That sounds like a good idea. Anyone else tried something like this on an Aergrind or similar? I suppose having a quick attachment like a socket would be very convenient.


----------



## Scotford (Apr 24, 2014)

Yeah electric screwdriver. I picked one up for a few holidays to go with a rhino and it worked well. Just use the lowest torque setting.


----------



## hotmetal (Oct 31, 2013)

Just a note of caution. I haven't tried it so anyone is free to disagree, but I'm pretty certain I remember somebody on here trying a drill and some hand grinder or other, and they melted the grinder. As has been suggested, probably the screwdriver on low speed and lowest torque is ok, but go easy. Don't swap the screwdriver for a drill.


----------



## Oblivion (Mar 5, 2018)

Something like this? You can even get a corkscrew adapter..

http://www.amazon.co.uk/Bosch-Cordless-Screwdriver-Integrated-Lithium-Ion/dp/B00XI610R0/ref=mp_s_a_1_10?ie=UTF8&qid=1529245099&sr=8-10-spons&pi=AC_SX236_SY340_FMwebp_QL65&keywords=electric+screwdrivers+cordless&psc=1


----------



## Dylan (Dec 5, 2011)

You would still need to grip the grinder - maybe slightly easier when using a screwdriver as it's not moving about so much but it won't completely eliminate the strain on your gripping hand.

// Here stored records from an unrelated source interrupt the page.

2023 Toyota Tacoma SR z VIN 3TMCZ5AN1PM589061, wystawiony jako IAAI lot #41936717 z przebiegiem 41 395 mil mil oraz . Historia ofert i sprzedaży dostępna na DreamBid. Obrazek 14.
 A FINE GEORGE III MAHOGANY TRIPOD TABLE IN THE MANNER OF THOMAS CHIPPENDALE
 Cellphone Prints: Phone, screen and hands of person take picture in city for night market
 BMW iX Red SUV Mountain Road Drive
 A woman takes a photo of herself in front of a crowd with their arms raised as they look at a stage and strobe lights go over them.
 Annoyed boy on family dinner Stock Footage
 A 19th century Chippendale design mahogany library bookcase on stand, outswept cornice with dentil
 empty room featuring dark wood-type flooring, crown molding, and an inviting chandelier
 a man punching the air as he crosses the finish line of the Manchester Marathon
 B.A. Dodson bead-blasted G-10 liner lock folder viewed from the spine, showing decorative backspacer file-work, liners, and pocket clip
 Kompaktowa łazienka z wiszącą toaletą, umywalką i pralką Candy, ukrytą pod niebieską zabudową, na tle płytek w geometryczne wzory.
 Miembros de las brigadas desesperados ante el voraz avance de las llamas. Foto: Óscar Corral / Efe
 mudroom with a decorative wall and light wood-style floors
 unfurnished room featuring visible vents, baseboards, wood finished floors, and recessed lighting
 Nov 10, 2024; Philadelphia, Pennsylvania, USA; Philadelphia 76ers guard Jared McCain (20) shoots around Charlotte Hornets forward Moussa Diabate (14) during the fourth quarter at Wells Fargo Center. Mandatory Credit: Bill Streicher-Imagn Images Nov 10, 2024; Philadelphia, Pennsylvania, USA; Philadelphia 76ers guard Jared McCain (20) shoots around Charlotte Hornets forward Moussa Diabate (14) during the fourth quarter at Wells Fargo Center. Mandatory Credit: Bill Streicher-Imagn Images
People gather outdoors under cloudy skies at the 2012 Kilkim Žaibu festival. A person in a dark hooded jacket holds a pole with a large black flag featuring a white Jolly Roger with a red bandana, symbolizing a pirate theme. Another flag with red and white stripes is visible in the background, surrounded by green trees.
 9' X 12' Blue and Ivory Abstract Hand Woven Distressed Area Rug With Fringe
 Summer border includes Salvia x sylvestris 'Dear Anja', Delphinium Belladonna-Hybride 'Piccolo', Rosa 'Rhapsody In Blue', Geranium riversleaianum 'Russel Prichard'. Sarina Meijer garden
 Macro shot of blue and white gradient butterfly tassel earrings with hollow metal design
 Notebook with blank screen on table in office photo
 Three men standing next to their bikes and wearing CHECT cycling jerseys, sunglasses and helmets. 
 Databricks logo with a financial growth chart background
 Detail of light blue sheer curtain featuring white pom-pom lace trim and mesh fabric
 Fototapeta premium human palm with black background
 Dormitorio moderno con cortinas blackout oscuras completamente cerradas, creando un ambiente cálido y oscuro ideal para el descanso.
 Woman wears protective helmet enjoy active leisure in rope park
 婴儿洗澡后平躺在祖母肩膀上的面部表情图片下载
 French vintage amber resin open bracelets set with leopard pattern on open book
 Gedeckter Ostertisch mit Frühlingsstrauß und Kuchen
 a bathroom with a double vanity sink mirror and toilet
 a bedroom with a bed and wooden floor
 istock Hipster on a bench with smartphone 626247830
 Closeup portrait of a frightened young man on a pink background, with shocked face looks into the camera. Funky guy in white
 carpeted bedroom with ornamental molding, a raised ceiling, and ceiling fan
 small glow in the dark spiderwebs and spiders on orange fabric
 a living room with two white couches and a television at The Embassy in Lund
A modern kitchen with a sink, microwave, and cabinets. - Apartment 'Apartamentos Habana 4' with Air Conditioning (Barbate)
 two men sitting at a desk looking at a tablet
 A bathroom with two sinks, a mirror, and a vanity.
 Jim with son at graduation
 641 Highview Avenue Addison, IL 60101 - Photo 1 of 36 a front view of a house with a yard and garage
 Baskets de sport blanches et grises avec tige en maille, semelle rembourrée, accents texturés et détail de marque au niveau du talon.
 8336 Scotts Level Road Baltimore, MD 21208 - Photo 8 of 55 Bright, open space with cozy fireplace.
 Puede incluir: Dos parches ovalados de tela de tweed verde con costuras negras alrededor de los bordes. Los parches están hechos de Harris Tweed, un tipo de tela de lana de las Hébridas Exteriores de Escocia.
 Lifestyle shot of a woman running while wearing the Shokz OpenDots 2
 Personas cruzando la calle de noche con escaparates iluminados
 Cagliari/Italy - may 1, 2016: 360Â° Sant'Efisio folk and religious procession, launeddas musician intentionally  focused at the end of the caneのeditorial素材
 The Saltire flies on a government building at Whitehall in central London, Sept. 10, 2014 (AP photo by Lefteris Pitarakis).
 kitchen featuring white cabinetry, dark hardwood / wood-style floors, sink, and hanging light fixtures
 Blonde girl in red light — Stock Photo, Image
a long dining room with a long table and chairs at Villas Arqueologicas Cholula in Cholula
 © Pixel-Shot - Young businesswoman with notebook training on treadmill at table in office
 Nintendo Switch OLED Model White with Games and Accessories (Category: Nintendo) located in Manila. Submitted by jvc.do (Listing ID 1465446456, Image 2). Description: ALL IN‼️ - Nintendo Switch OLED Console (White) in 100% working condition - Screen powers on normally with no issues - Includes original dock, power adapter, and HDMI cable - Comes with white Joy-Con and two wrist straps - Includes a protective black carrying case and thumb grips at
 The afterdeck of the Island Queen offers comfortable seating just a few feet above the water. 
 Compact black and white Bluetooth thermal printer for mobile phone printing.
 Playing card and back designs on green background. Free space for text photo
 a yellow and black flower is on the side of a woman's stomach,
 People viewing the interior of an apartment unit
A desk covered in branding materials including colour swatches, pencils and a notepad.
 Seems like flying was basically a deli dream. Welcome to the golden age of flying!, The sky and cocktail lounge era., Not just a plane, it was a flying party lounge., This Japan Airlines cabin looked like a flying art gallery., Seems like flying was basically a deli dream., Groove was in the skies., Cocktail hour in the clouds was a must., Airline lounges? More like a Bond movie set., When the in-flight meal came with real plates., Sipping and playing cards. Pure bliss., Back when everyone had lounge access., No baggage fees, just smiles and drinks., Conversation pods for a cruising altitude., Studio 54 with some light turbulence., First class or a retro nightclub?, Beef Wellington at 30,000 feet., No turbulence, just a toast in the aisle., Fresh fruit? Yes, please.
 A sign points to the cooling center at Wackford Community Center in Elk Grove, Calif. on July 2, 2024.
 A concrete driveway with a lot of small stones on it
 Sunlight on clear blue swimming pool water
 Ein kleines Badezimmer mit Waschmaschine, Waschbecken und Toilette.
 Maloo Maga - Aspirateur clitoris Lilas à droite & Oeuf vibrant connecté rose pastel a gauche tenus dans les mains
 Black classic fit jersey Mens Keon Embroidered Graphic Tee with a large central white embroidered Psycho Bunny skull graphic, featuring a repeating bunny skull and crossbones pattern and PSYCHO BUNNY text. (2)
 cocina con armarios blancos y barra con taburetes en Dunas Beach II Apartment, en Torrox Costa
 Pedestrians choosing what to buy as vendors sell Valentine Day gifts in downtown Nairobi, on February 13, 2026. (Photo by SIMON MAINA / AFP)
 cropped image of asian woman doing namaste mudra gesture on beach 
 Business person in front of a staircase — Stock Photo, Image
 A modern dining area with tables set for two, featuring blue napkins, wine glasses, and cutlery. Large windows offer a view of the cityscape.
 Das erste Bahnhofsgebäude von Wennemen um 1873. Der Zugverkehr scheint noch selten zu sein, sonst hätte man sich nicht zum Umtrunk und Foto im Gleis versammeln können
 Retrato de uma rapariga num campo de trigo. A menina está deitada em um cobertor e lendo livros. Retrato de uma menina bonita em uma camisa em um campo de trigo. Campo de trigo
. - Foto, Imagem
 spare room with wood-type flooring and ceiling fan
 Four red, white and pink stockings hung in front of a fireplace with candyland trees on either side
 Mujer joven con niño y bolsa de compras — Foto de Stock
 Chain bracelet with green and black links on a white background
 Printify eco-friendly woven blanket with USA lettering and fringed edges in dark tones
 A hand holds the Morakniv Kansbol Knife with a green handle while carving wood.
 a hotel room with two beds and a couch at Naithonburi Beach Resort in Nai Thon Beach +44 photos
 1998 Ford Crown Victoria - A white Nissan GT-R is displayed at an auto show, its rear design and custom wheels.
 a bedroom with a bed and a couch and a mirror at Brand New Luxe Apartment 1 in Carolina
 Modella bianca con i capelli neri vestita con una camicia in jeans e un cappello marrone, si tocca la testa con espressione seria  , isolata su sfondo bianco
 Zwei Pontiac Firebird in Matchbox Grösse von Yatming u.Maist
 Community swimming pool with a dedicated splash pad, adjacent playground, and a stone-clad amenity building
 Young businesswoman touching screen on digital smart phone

Not that I have a solution for that, short of making up some kind of mount.


----------



## the_partisan (Feb 29, 2016)

How portable does it need to be? Something like the Wilfa is fairly small and will fit in a suitcase easily. I've taken it with me on a few trips


----------



## zeezaw (Nov 12, 2017)

Good tip regarding the electric screwdriver, I recall reading about that "mod" back when I used the Skerton as my main grinder but never implemented it. I will need to purchase a couple of bits to make it work, let me see what I can do and report back.


----------



## andlep (Apr 18, 2017)

I use an alocs portable grinder when travelling. Excellent quality product and very handy.

https://www.ebay.co.uk/itm/ALOCS-Electric-Portable-Coffee-Bean-Grinder-Fresh-Ground-Coffee-Machine-Outdoor-/323288686495


----------



## Dylan (Dec 5, 2011)

andlep said:


> I use an alocs portable grinder when travelling. Excellent quality product and very handy.
> 
> https://www.ebay.co.uk/itm/ALOCS-Electric-Portable-Coffee-Bean-Grinder-Fresh-Ground-Coffee-Machine-Outdoor-/323288686495


Looks very interesting, was/is also sold as 'LUME Coffee Grinder' (more expensive) and had a Kickstarter/IGG campaign - sometimes Chinese products get rebranded and then go through a KS 'campaign', which is basically just marketing.

Looks like a floating bottom burr, but with a kind of auger above it - but a 'Hario/Porlex with motor attached' has always struck me as a good idea for a product.


----------



## Amvantage (Jun 20, 2018)

I'l bet the handground grinder can be converted to run with a cordless drill fairly easily.


----------



## martinierius (Sep 28, 2014)

Kinu has/had an accessory for the M47 to connect a drill. I only know of 1 person on the dutch coffee forum that has it. It's worth asking Kinu in your case.

It was said to not change the warranty when used.

Edit: thisis where I got the info on the accessory, apparently they asked 25€ for it. Try Google Translate on the first post.


----------



## andlep (Apr 18, 2017)

Here is an adaptor for connecting a cordless drill to a hand grinder 

https://www.shapeways.com/product/3DT6FKSD3/porlex-coffee-grinder-adapter?optionId=40639730&li=marketplace


----------



## DavecUK (Aug 6, 2013)

So let me get this right...for a holiday, you pack a Kinu grinder, a cordless drill (presumably a charger), plus a 500g bag of coffee? Or simply stuff an electric Wilfa in the suitcase along with said bag of coffee, plus any coffee making paraphernalia.









Me even with my 8-10 cup a day habit, happily go on my hols with no grinder, coffee, portable espresso maker etc.. If the coffee is no good at my destination, I simply go without for the period (1 day-30 days). I may drink lots of it, but I'm not addicted to it and can go without no problem.


----------



## Batian (Oct 23, 2017)

DavecUK said:


> Me even with my 8-10 cup a day habit, happily go on my hols with no grinder, coffee, portable espresso maker etc.. If the coffee is no good at my destination, I simply go without for the period (1 day-30 days). I may drink lots of it, but I'm not addicted to it and can go without no problem.


They all say that in the beginning.......

Then when you start going Cold Turkish burrrrrrrrrr...

JUST SAY NO!


----------